A poor credit score can result in denial of an auto loan, mortgage, or even additional credit. There is often no time to waste when it comes to improving the score. A few methods can get the score to a respectable level within 30 days and they require only some discipline.
The easiest way to lower the score is to pay down, or pay off, revolving credit accounts such as credit cards. Most credit scoring systems place a heavier weight on credit card debt than on installment loans. Consumers should get each card and the total revolving line of credit to below 25 percent. They should not worry about paying down the cards with the highest interest rates first.
Though a credit line is there to use, consumers should not use the entire amount each month. The available credit is averaged over the billing cycle , which may be less than 30 days. If the consumer charges the limit of $5,000 and pays it off each month, the credit balance will still reflect a 50 percent usage limit of $2,500. This will cause the credit score to take a dive.

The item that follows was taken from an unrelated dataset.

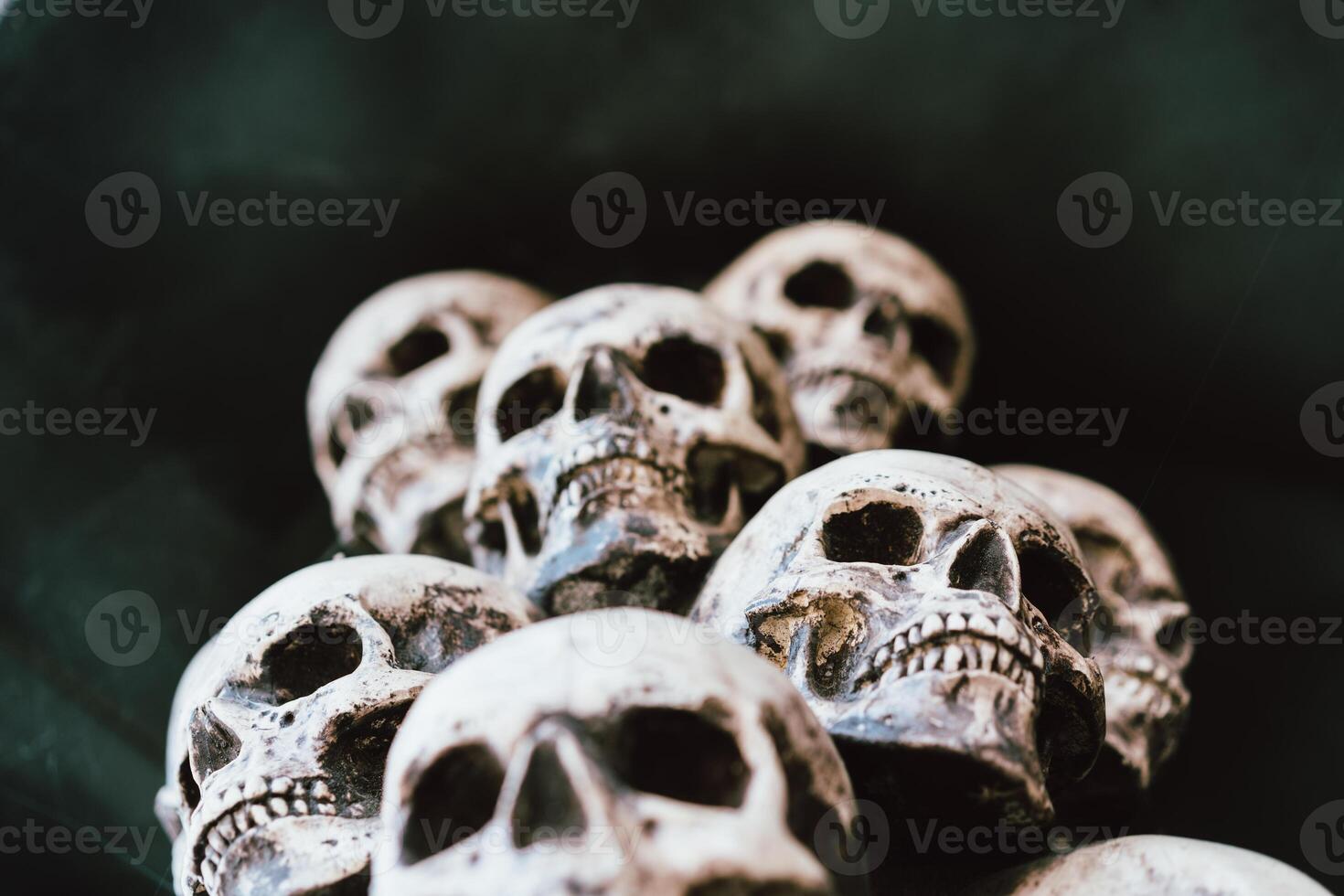 schedel halloween achtergrond veel mensen schedels staan Aan top van elk ander. mysticus griezelig concept. abstract nachtmerrie occult gedenkteken foto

Consumers should ensure that the credit report reflects the proper credit card limits. If errors are found, the credit card issuer should be contacted to update the information. Individuals should not get credit cards from issuers such as American Express and Capital One who do not report credit limits. The credit bureau usually records the highest balance as the limit on these cards, which makes the card appear maxed out.
Doing other things like asking creditors for forgiveness regarding a single late payment and getting student loans to current status will also help. Identifying and correcting errors on the credit report can make a difference as well. The consumer’s credit score will soon be rising toward the sky.